Sin ir más lejos, es bastante habitual encontrar procedimientos judiciales relativos a contratos de compraventa de inmuebles, por un nada desdeñable precio, que podría haber sido redactado perfectamente por un niño en clase de pretecnología. Detrás de ellos suele encontrarse un todólogo de manual. Se trata de auténticos corta y pega que mezclan todo tipo de conceptos que nada tienen que ver entre sí, pero de consecuencias jurídicas transcendentales que ni tan siquiera se conocen por el artista del bricolaje en cuestión. No se llega a saber si se trata de un contrato de arras confirmatorias o penitenciales. No queda claro si se prevé una condición suspensiva o no. Su objeto, en ocasiones, resulta indeterminado y, por descontado, en multitud de ocasiones, con una impunidad que asusta, se habla de parte del precio en a y en b, camuflado con los más ocurrentes calificativos, como si fuera a pasar desapercibida la jugada. Y allá te las apañes para interpretar qué pretendían las partes al redactarlo, teniendo que resolver el tremendo lío que se ha montado cuando, tras celebrar el contrato, se ha caído en la cuenta de que, por no comprobar el estado urbanístico de la finca o las características de la vivienda construida en la misma, resulta que es más ilegal que un billete de trescientos.

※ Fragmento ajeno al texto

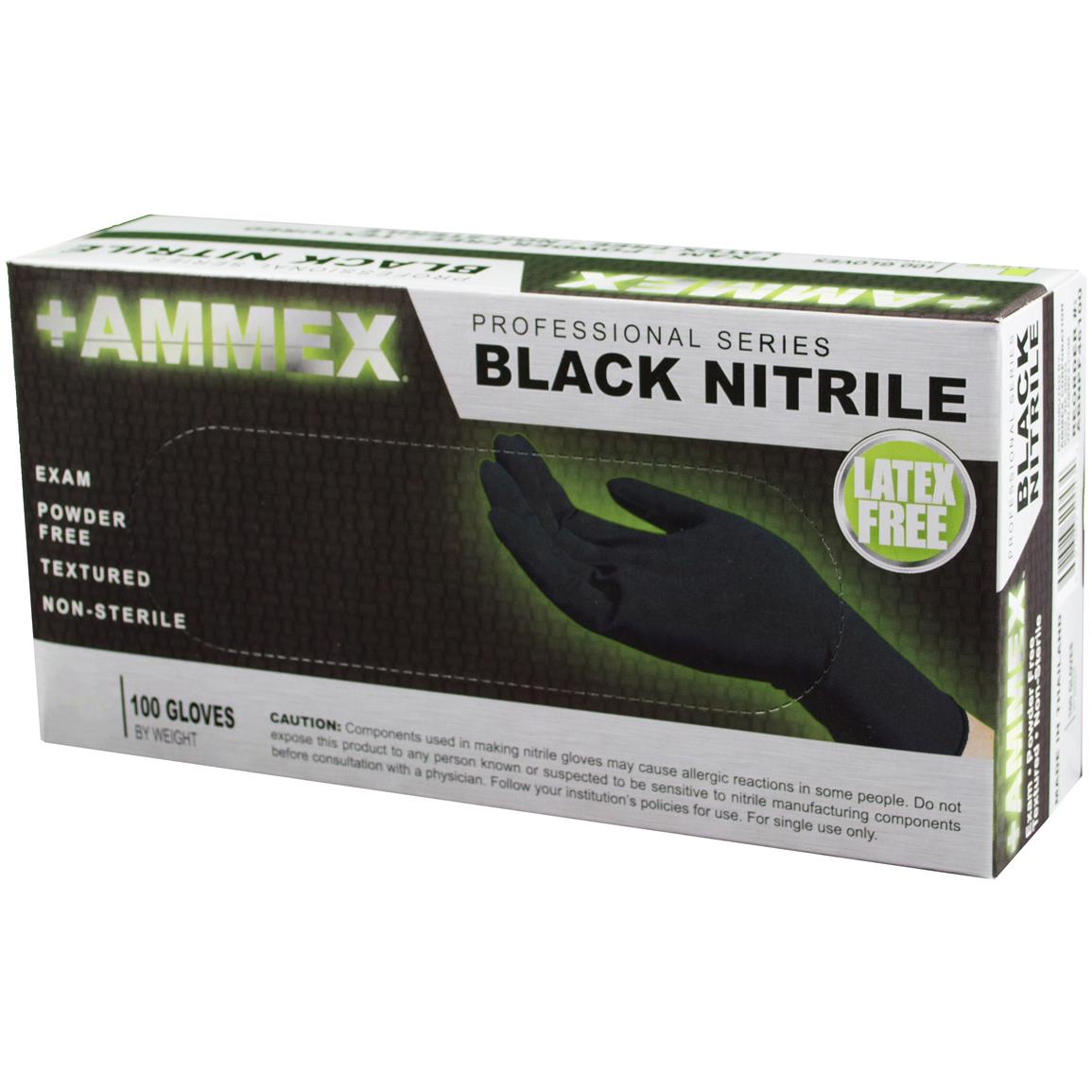 100-Pk. Ammex Black Powder-free Nitrile Exam Gloves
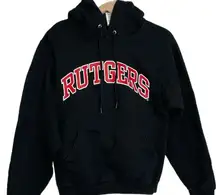Jerzees Rutgers University Black Pullover Hoodie Size Small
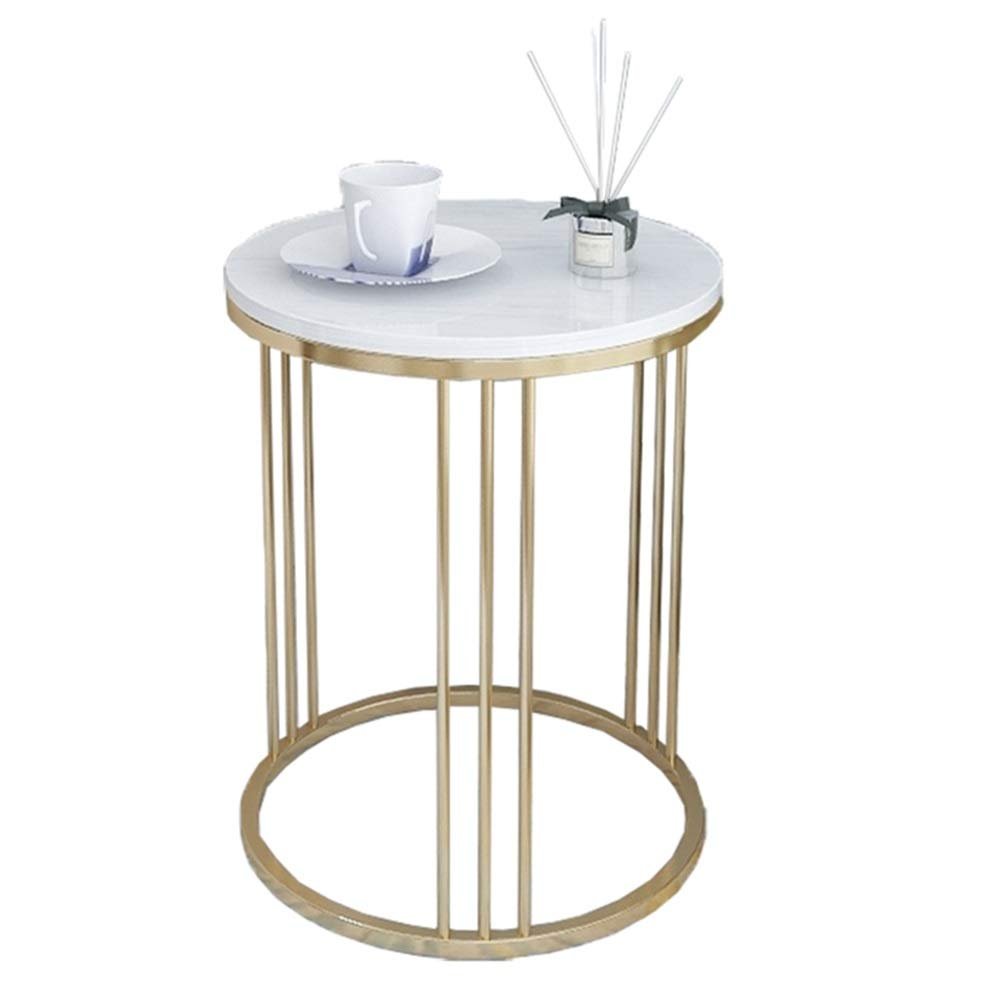 FUFU Metal Sofa Side Table, Small Coffee Table, Living Room Office Furniture, Marble Table Top, Bedside Table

Ay Manolete, si no sabes torear, ¿para qué te metes?

Es posible ver contratos de arrendamiento que poco más y obligan al arrendatario a hacerle la declaración de la renta al arrendador cada año, claro, si es que éste es realmente el propietario del inmueble que alquila, que ese es otro cantar. Se incluye la posibilidad del arrendador de poder entrar en la vivienda arrendada cuando le venga en gana con total impunidad, ejerciendo una labor de inspección que ya la quisieran otros. Es más, se llega a aceptar que la vivienda arrendada, aun siendo vivienda habitual, deba ser desalojada en mayo para ser recuperada en octubre, lo que encima es cumplido por el siempre sumiso arrendatario. Casi nada. O que, tratándose de un arrendamiento con aquella finalidad, se simule como de temporada, con un régimen infinitamente distinto y más beneficioso para el arrendador. Hasta podemos encontrar como a un contrato de arrendamiento se le denomina, de forma irónica, contrato de cesión temporal del uso, lo que viene a ser como cuando se llamaba cese temporal de la convivencia al cantado divorcio de la Infanta y Marichalar o se calificaba de desaceleración económica a lo que realmente era una crisis de tres pares de narices. Total, el pobre inquilino va a firmar lo que se le ofrezca con tal de encontrar una vivienda donde cobijarse. Parece una película de ficción, pero no, simplemente welcome to Ibiza.

Cuantas veces hemos acudido a una consulta médica, de esas de pago, y casi sin tiempo de habernos sentado y acomodado ya teníamos el diagnóstico, la receta y el bolsillo vacío. No solemos rechistar, sobre todo si dan con la tecla. Total, ya asumes antes de entrar que vas a salir de allí un poco más tieso de lo que llegaste. Pero, como se trata de un profesional al que nos encomendamos en cuerpo y alma, el sablazo duele menos. Por el contrario, se suele mostrar mucha más reticencia a visitar a un abogado ante un problema legal, cuando muchas de estas situaciones podrían atajarse con un buen asesoramiento. Ya saben, como aquel programa de Ramón Sánchez-Ocaña, más vale prevenir. Lejos de la consideración que puedan tener de ellos como pica pleitos o saca cuartos, los abogados son expertos en derecho debidamente formados, éstos sí, a los que podemos recurrir para solucionar nuestros problemas. Y no, tampoco ellos trabajarán gratis, téngalo en cuenta. No se dejen engañar por los vende humos que abundan por estos lares. Acudan a un abogado. Consúltenle sus dudas. Consuman asesoramiento jurídico de calidad. Busquen aquel que más confianza les dé. El que sea más adecuado y formado para su concreta necesidad. También, claro está, el que mejor se ajuste a su bolsillo. No escatimen en su uso, pues ya saben que lo barato sale caro y que después, como cantaba Rubén Blades con Pedro Navaja, «la vida te da sorpresas, sorpresas te da la vida, Ay Dios».